[Records supplied Boundary: Start]

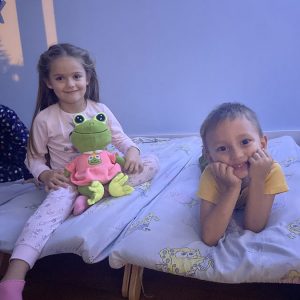 MIT O MARAKUDI HK5 (16)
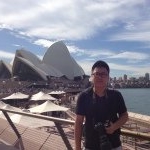 Profile Picture of 1 follower (@geoffrey_woo) on Instagram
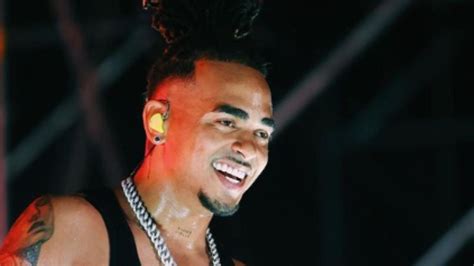 Ozuna revela que mataron a su papá así abrió su corazón La Razón de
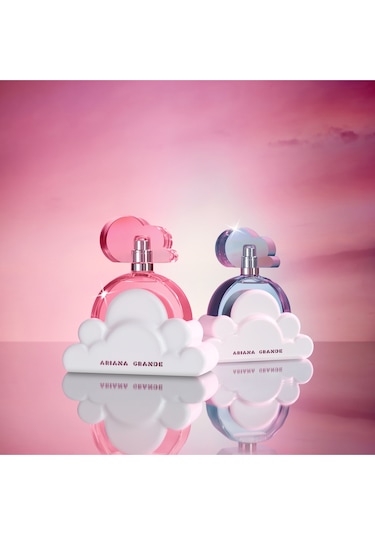 Ariana Grande Cloud Eau De Parfum 100 Ml Kadın Parfüm Şekerli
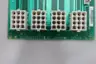 GENERAL ELECTRIC DS3800XTFP1E1C MARK IV TURBINE CONTROL THYRISTOR FAN OUT BOARD thumbnail 6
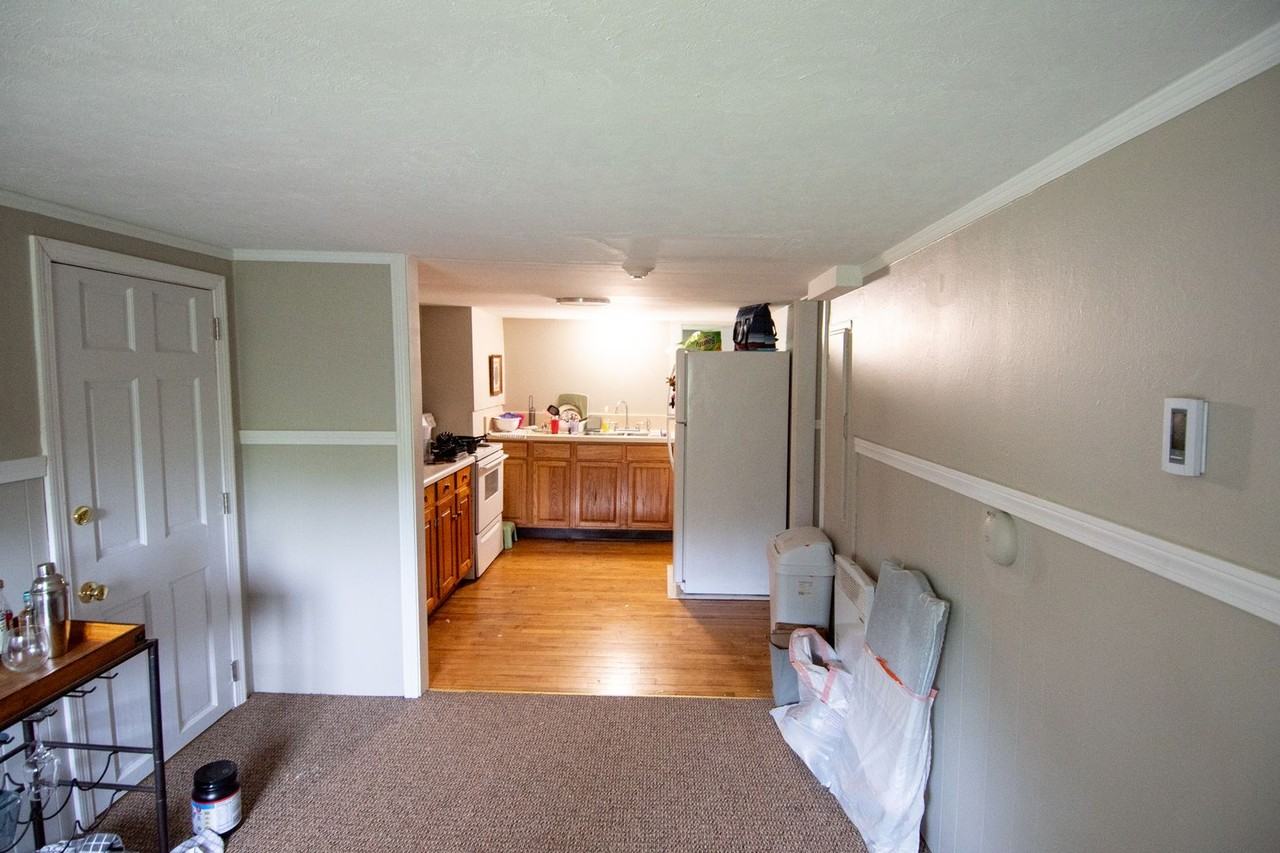 159 Old Belchertown Road - Photo 2 of 29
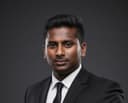 Rajan Kumar Seth profile picture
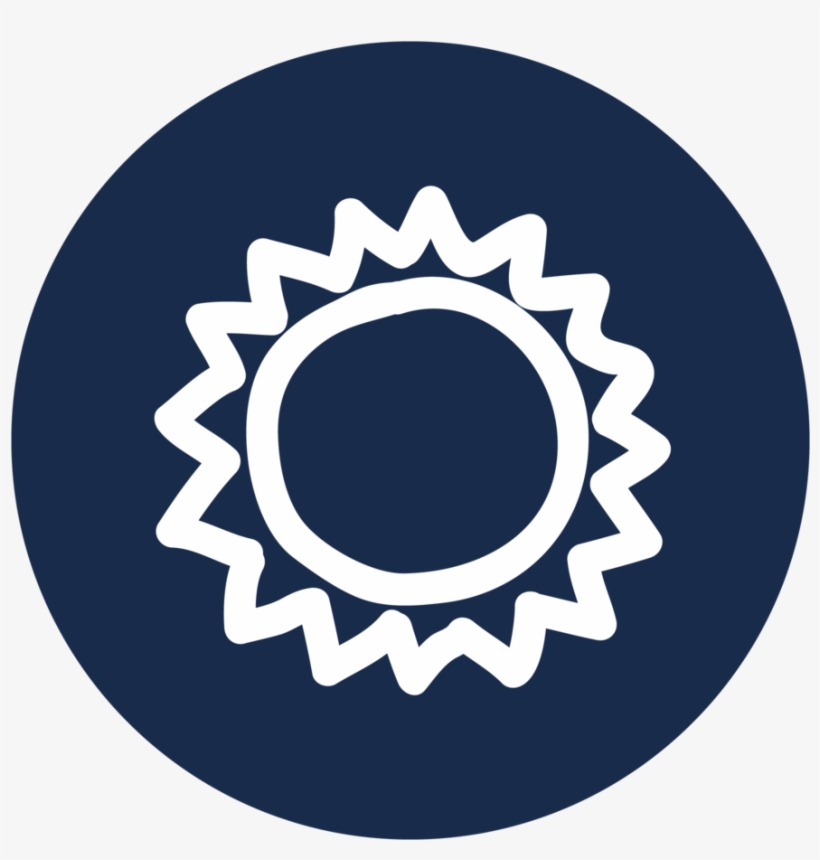 Energy-icon - Dia Y Noche Vector, transparent png download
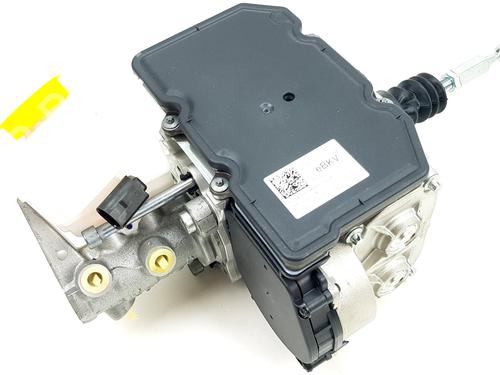 Servo brake AUDI Q7 (4MB, 4MG, 4MQ) 55 TFSI quattro | BP34729250M42  - Image 10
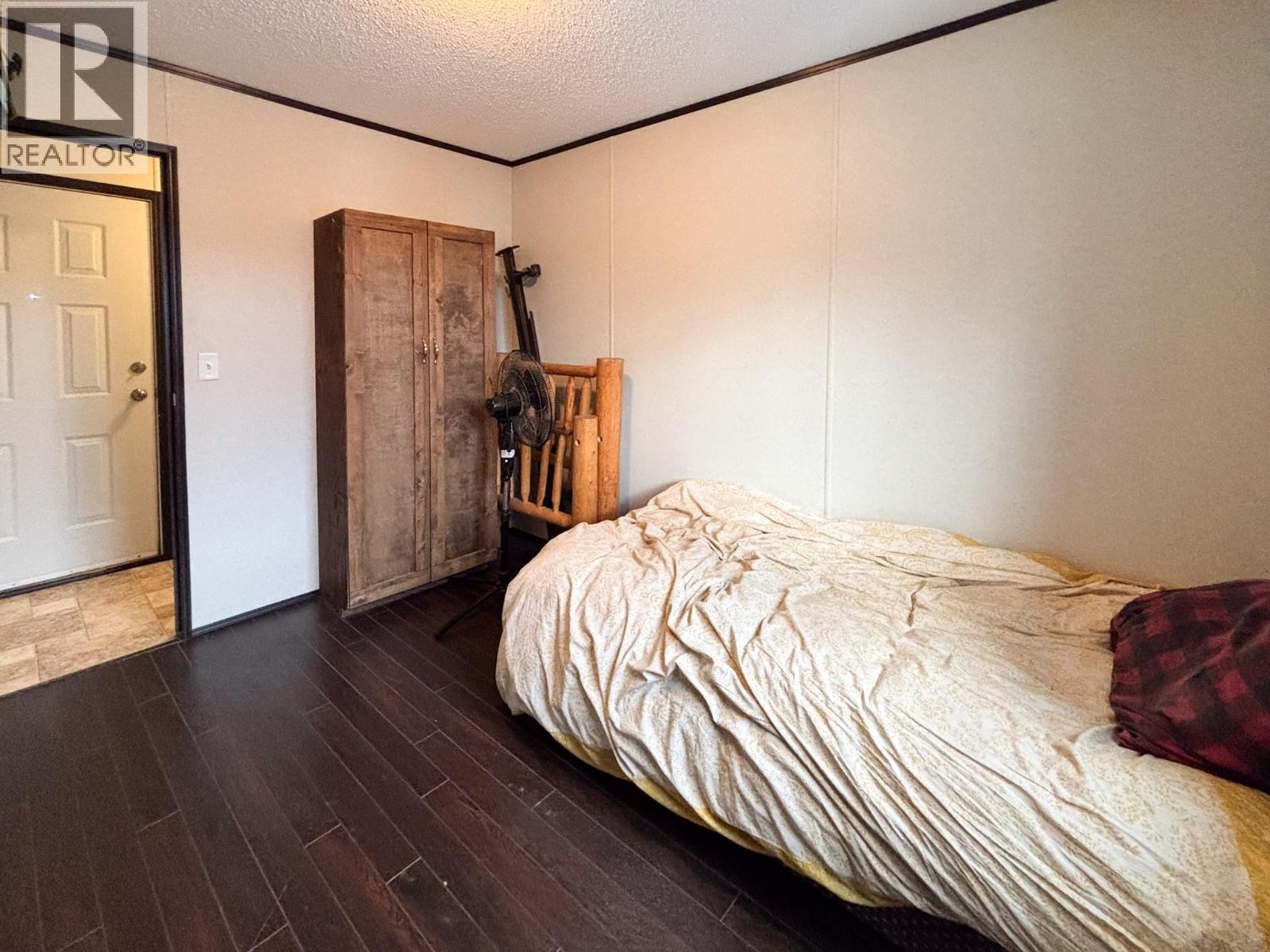 4821 Crescentwood Drive, Edgewater, British Columbia  V0A 1E0 - Photo 19 - 10381176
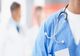 49 de cadre medicale de cadre medicale au intrat în contact cu tânăra cu COVID-19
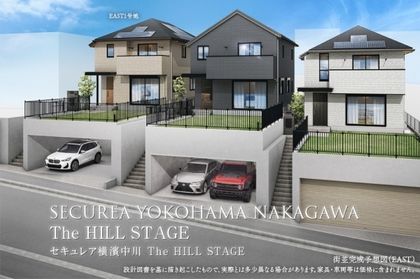 M 15e14bbe 487b 4297 a9e5 cef5d92dba31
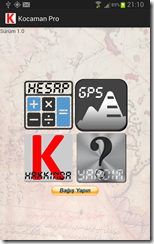 Screenshot_2015-04-24-21-10-45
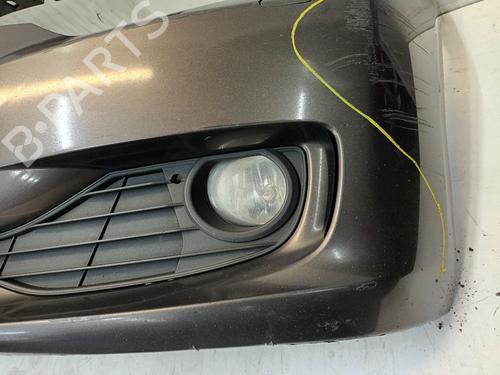 Front bumper BMW 3 (F30, F80) 320 d | BP29028494C7 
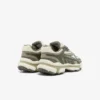 Zapatillas L003 2K24 para mujer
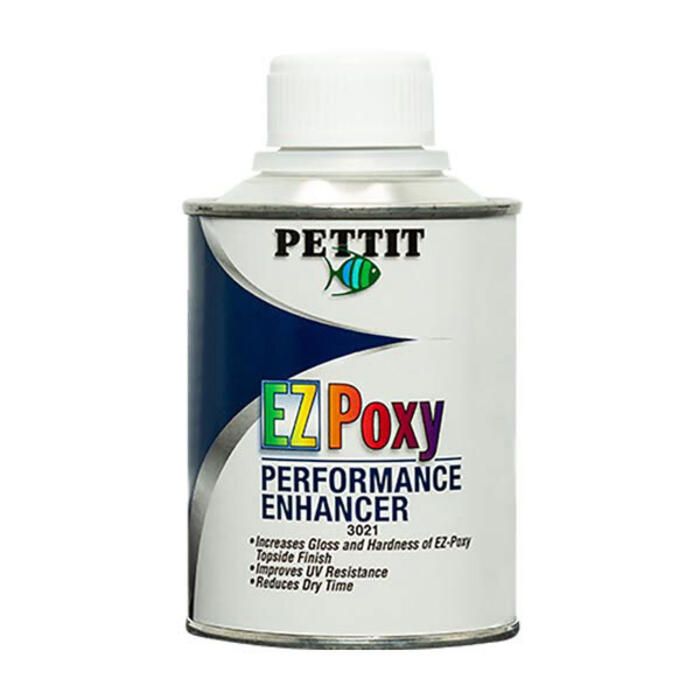 Image of : Pettit EZ-Poxy Performance Enhancer Additive - 3021 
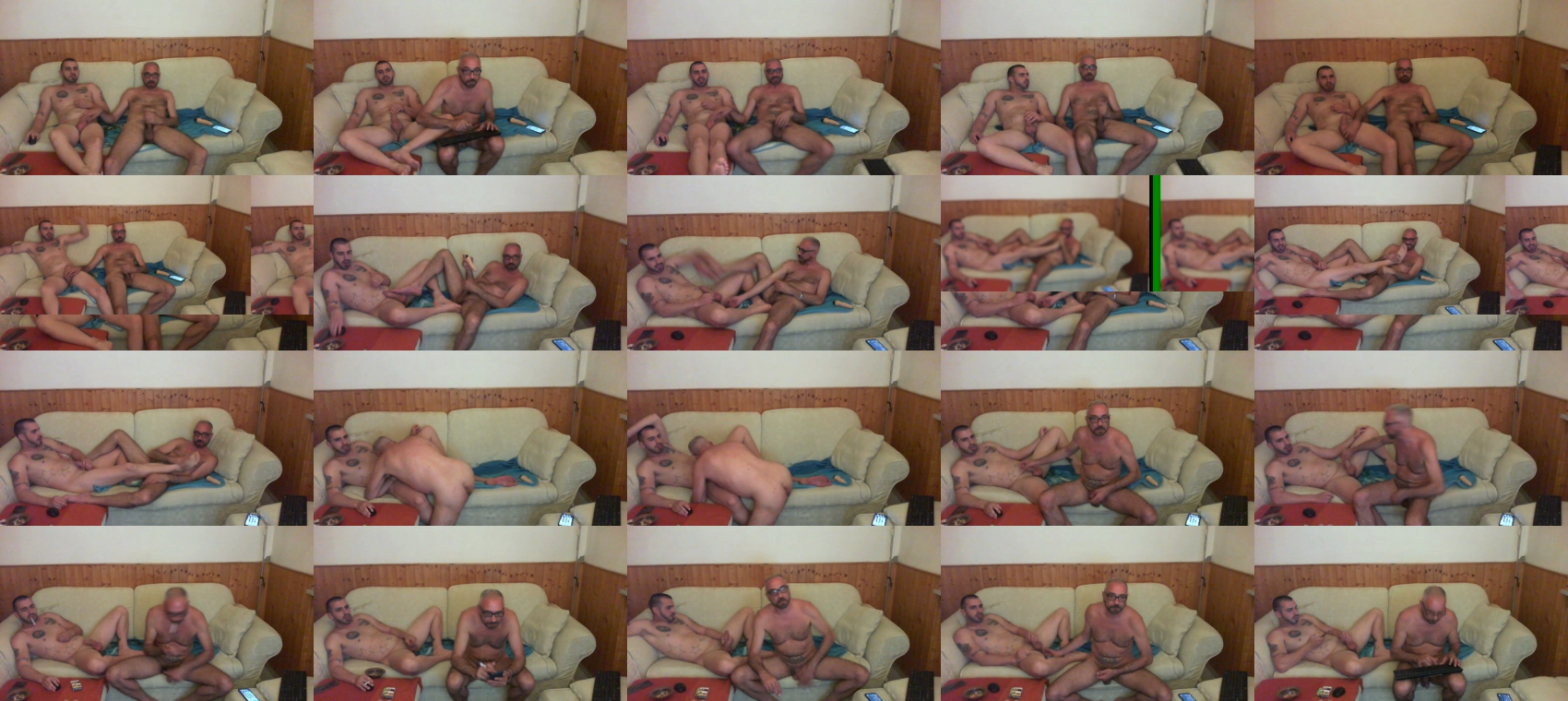 BOYsAL  15-06-2022 Recorded Video jerkoff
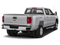 2015 Chevrolet Silverado 3500 HD Work Truck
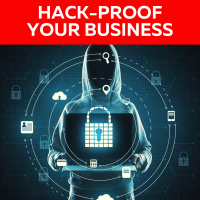 Hack-Proof Your Business: The Latest Tools You Cant Afford to Miss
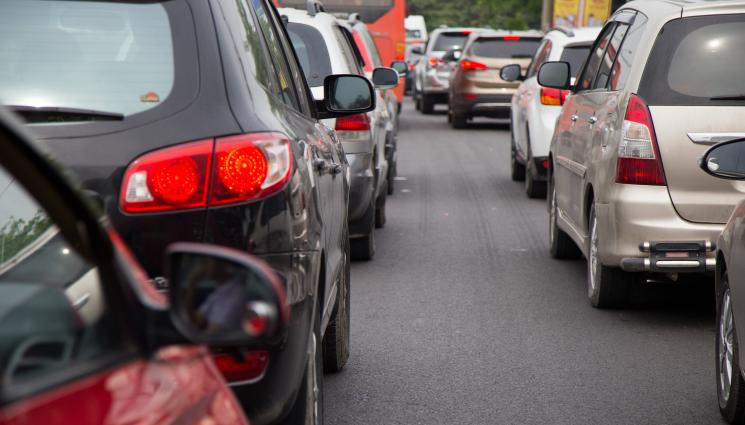 коли - ЕКШЪН В КЮСТЕНДИЛ: Цяла улица осъмна с глоби от КАТ, и Гранична полиция го отнесе!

[Records supplied Boundary: End]

[Task goal] All lines of the material above should be returned unchanged, but no pictures should be included.

[Output of the task]
 MIT O MARAKUDI HK5 (16)
 Profile Picture of 1 follower (@geoffrey_woo) on Instagram
 Ozuna revela que mataron a su papá así abrió su corazón La Razón de
 Ariana Grande Cloud Eau De Parfum 100 Ml Kadın Parfüm Şekerli
 GENERAL ELECTRIC DS3800XTFP1E1C MARK IV TURBINE CONTROL THYRISTOR FAN OUT BOARD thumbnail 6
 159 Old Belchertown Road - Photo 2 of 29
 Rajan Kumar Seth profile picture
 Energy-icon - Dia Y Noche Vector, transparent png download
 Servo brake AUDI Q7 (4MB, 4MG, 4MQ) 55 TFSI quattro | BP34729250M42  - Image 10
 4821 Crescentwood Drive, Edgewater, British Columbia  V0A 1E0 - Photo 19 - 10381176
 49 de cadre medicale de cadre medicale au intrat în contact cu tânăra cu COVID-19
 M 15e14bbe 487b 4297 a9e5 cef5d92dba31
 Screenshot_2015-04-24-21-10-45
 Front bumper BMW 3 (F30, F80) 320 d | BP29028494C7 
 Zapatillas L003 2K24 para mujer
 Image of : Pettit EZ-Poxy Performance Enhancer Additive - 3021 
 BOYsAL  15-06-2022 Recorded Video jerkoff
 2015 Chevrolet Silverado 3500 HD Work Truck
 Hack-Proof Your Business: The Latest Tools You Cant Afford to Miss
 коли - ЕКШЪН В КЮСТЕНДИЛ: Цяла улица осъмна с глоби от КАТ, и Гранична полиция го отнесе!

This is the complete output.